Comecei como observador de bordo da frota arrendada na costa brasileira. Embarques a bordo em navios pesqueiros estrangeiros com duração de 56 a 93 dias de mar, lá se foram dois anos de minha vida. Tive a oportunidade de viver com senegaleses, chineses, japoneses, peruanos e vietnamitas. Participei da pesca do long-line, espinhel japonês, gaiolas para captura de caranguejo, pesca de arrasto de profundidade (800 m) e a pesca do polvo. Passei por grandes tempestades em alto mar, cataloguei e coletei animais marinhos que jamais pudesse imaginar, observei e fotografei albatrozes gigantescos. Era tudo incrível, mas a saudade da família era muito grande.

Fotos: Felippe Postuma.

Nesta época passava pouco tempo com a família, “Mairinha” acabava vendo pouco seu pai, mas os momentos que passávamos juntos eram muito proveitosos e valiosos. Toda vez que chegava dos embarques, ela me estranhava, porque sempre voltava barbudo e cabeludo. No meu quarto, qualquer que fosse o barco, havia um mural de fotos da Keka e Maíra, isso me dava força para aguentar ficar por tanto tempo longe de casa.

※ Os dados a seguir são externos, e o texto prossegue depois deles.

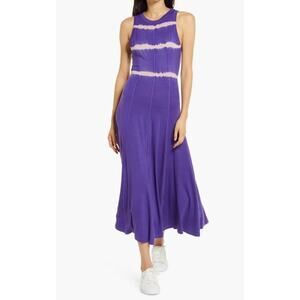 Ninety Percent Women Tie Dye Stripe Maxi Dress Small Purple Open Back NWT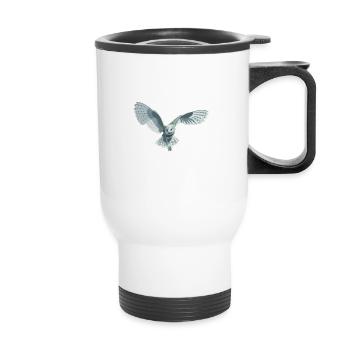 barn owl - Thermal mug with handle - white - Front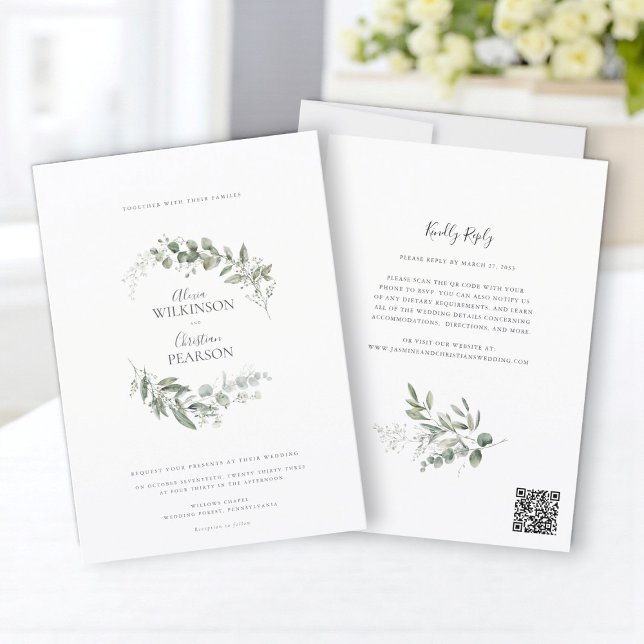 Moderne Hochzeit mit Eukalyptus-Grünzeug QR-Code-R Einladung (Von Creator hochgeladen)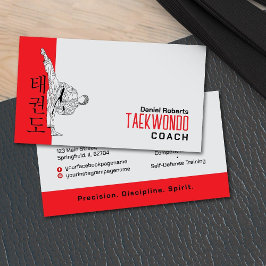 Taekwondo Coach - Martial Artist och Hangul Symbol Visitkort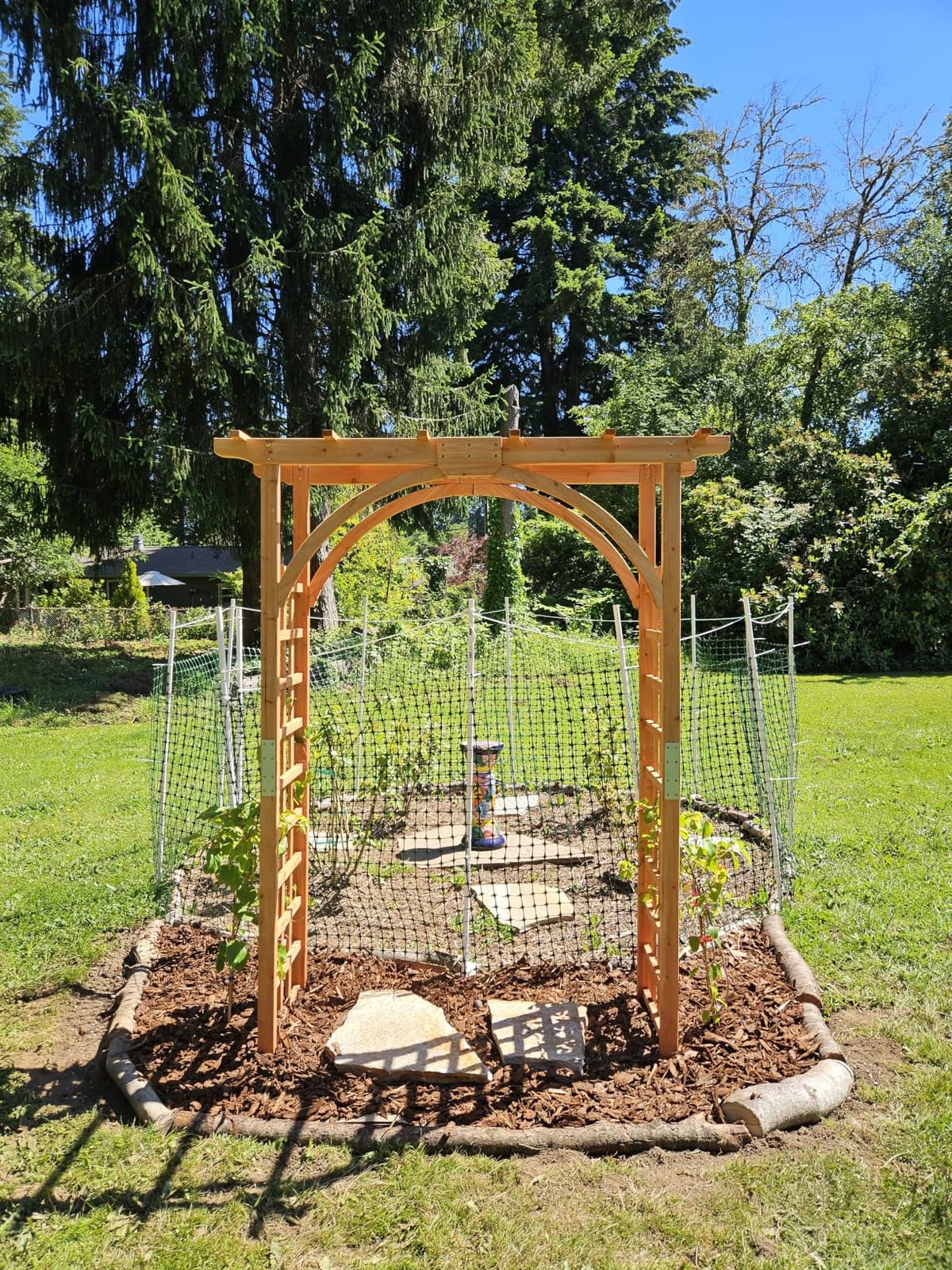 Yaheetech 85in Wooden Garden Arch Arbor Trellis for Backyard Patio Outdoor | Metal-reinforced fir wood arch with lattice sides supports climbing roses, wisteria, and vines as a walk-through entrance customer photo 2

Depois de dois anos vivendo idas e vindas do mar, decidimos mudar para Ilhabela, litoral norte de São Paulo. Fomos morar na comunidade da Água Branca, próximo à estrada que leva até a praia dos Castelhanos. Vivíamos com muita simplicidade com um salário de professor eventual da rede de ensino estadual. Maíra cresceu nadando entre as praias de Santos e as cachoeiras de Ilhabela, sempre pedindo para surfar e deslizar sobre as ondas. 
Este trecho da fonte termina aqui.